TOM KACZYNSKI: It's part of the next season. The next season is figured out, from March next year until July or so. That's four books. It's gonna be Amazing Facts … and Beyond! which is a Leon Beyond book, the David B. book, Les Incidents de la Nuit, which is Incidents in the Night. That's gonna be translated by Brian Evenson! [Laughs.]

Oh, that’s a great get!

Yeah, I'm really excited about that one! Then, Zak Sally is doing Sammy the Mouse Vol. 2 with me. He's almost done with it. And I'm doing this book with Peter Wartman, who's a brand new cartoonist… Not many people know anything about him. This is his first book. He's in Minneapolis. He graduated from MCAD a couple years ago.
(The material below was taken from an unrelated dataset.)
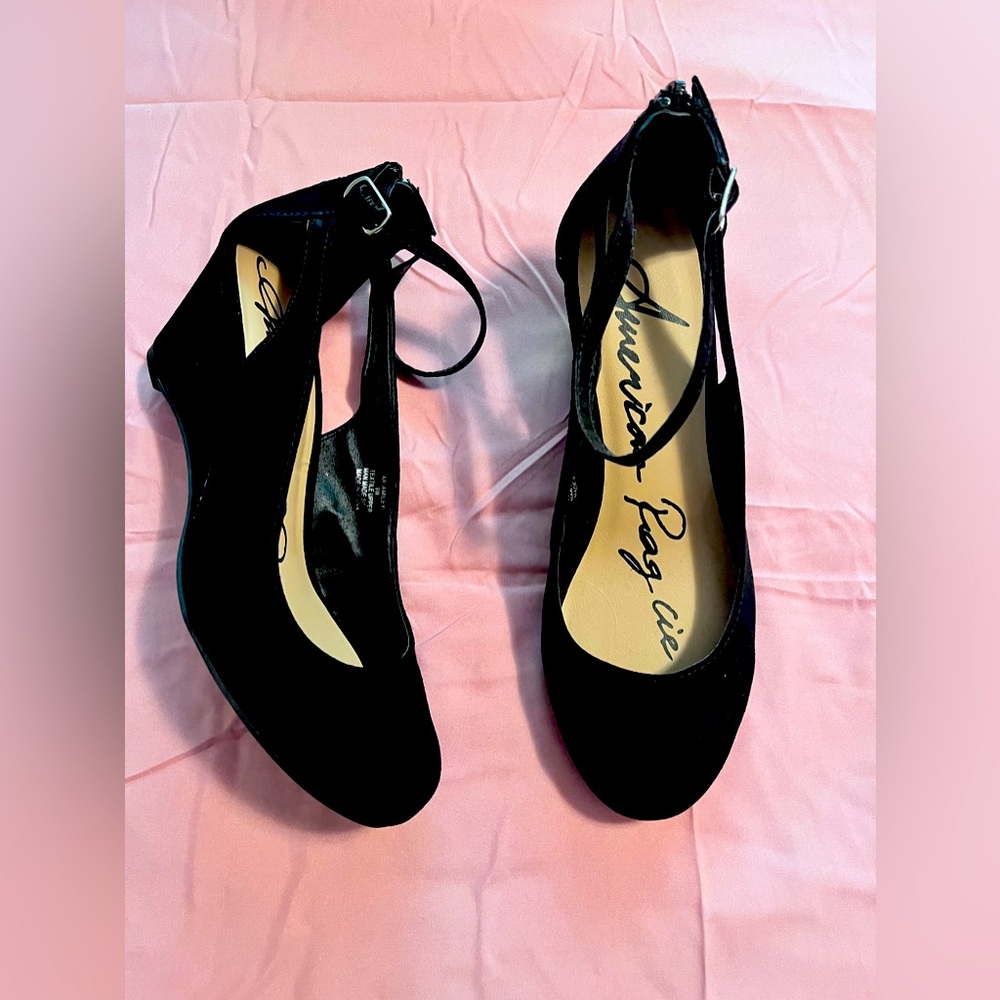 American Rag Cie sexy wedge shoes size 9w. Comfy & cute! New in box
I want to support the Minneapolis scene. [Laughs.]

So, Uncivilized Books. When did you decide that you wanted to become a publisher?

That's a difficult question to answer, because I feel like I've been publishing all my life in a weird way. As a self-publisher to begin with... but even when I look back at my comics, I was doing them as a little kid. There was a comic I drew when I was 10, where I drew it, I stapled it, folded it, then drew a logo on it. I gave it a print run, gave it a price and everything. It was one of the very first comics I ever made, and it was already a complete product. [Laughs.]
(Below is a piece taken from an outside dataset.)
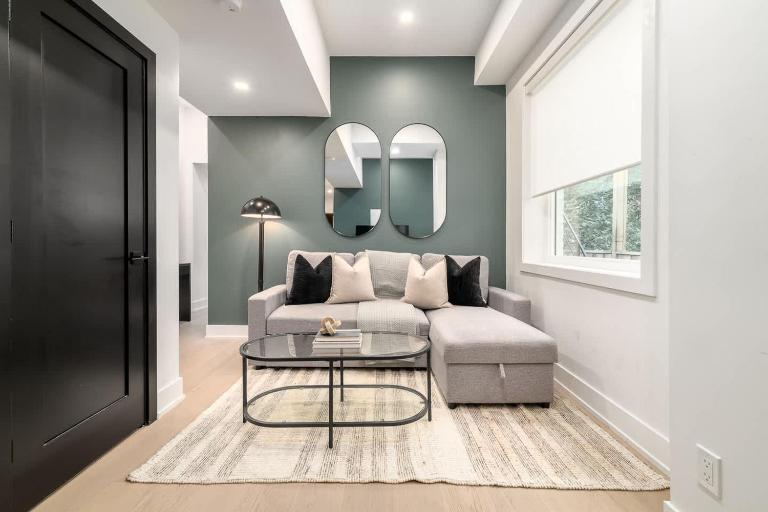 Modern West End 1BR Walk to Queen West & Lake - Ferienwohnung Toronto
How many copies did you make?

It was just the one copy. [Laughter.] This was back in Poland, I didn’t have access to a Xerox machine or anything. It was water-colored... It was this weird object that already had all the trappings of being published: a cover, a logo, everything.

Did you try and sell it?

No. [Laughter.] I just remember that always, whenever I drew comics when I was a kid, I always made sure it had a cover, and all the little information that it needed.
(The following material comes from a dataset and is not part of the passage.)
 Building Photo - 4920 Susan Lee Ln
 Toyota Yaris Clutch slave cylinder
But Uncivilized was at first created mainly as a self-publishing vehicle. At some point, I was talking to Gabrielle [Bell], because she was coming to Minneapolis for the Rain Taxi Festival, and we decided to do this mini-comic together. It was just a one-off for this show, but it went really well, we got some good feedback on it, and we decided to make more of them. In the meantime, I thought, “Well, it's kind of fun to do other people’s books.” So I started adding other artists to the mix, with Jon Lewis and Dan Wieken, who’s an artist in Minneapolis. At some point Gabrielle decided not to do The Voyeurs at Drawn & Quarterly, and asked me if I wanted to do the book. At that point I was just a mini-comics publisher. It took me a while to think about it. To really do justice to that book, I would have to become a proper publisher. That’s where it started snowballing. Once I said yes to that book, I was like, “Okay, distribution, I gotta figure that out. I gotta figure out where this is gonna get printed, I gotta figure out all that stuff.” Started making a plan to become a publisher, which is where I’m at now, I guess.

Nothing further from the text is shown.